Creo que cuando hoy lo estamos
celebrando como rey es algo que no podemos olvidar. Le celebramos y lo
proclamamos como Rey porque nosotros queremos vivir en esos nuevos valores que
nos enseñó con su palabra y con su propia vida. Pensemos cuál es el signo de
ese Reino de Dios que tenemos que dar ante el mundo. Despojémonos también de
nuestros mantos y ciñamos una toalla a nuestra cintura.

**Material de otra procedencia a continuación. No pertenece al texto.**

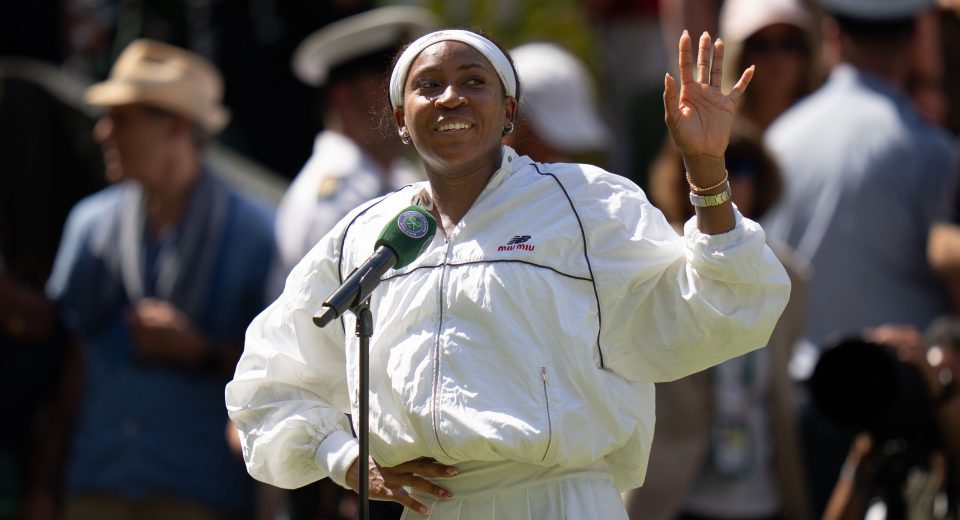 ‘I Should Have Other Priorities’ – Coco Gauff Makes Feelings Known on Venus and Serena Williams’ Longevity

Bajemos al barro de la vida y sepamos
ponernos de rodillas delante de los demás aunque para eso tengamos que
embarrarnos; no tengamos miedo, ese barro que nos embarra por fuera será agua
que no purifica por dentro, porque ahí está la sangre de Cristo derramada por
nosotros para purificarnos, para perdonarnos, para hacer nacer en nosotros una
vida nueva.
Reino que se manifiesta en la humildad
y la verdad, decíamos antes; sólo cuando sepamos despojarnos de los mantos de
nuestros orgullos y prestigios, de ser bien mirados o de recibir agasajos de
los demás por lo que hacemos, cuando no temamos que hablen mal de nosotros
porque con todos nos mezclamos – que a Jesús le criticaban porque comía con
publicanos y pecadores -, cuando seamos capaces de poner la otra mejilla ante
las ofensas o los insultos sabiendo dar nuestro brazo a torcer o agachar la
cabeza… estaremos dando esos signos del Reino de Dios que harán creíble nuestro
mensaje.
Muchos son los ropajes de vanidad de
los que seguimos revistiéndonos y hemos olvidado que Jesús es Rey – ‘me llamáis
el Maestro y el Señor y en verdad lo soy’, les dirá – porque se puso a
lavarles los pies y nos dijo que eso era lo que teníamos que hacernos los unos
a los otros. Son los signos y señales que tenemos que dar que Jesús es nuestro
Rey como hoy celebramos, que no son solo unos cantos o unas bonitas celebraciones.
Lo que hemos visto estos días, a partir
de la DANA de Valencia, en tanta gente que fue a embarrarse para ayudar, ¿no
puede ser un signo de lo que nosotros por nuestra fe estamos obligados a hacer?
No esperemos a ocasiones tan espectaculares, porque tenemos que aprender a
hacerlo en el día a día en nuestro encuentro con los que nos rodean.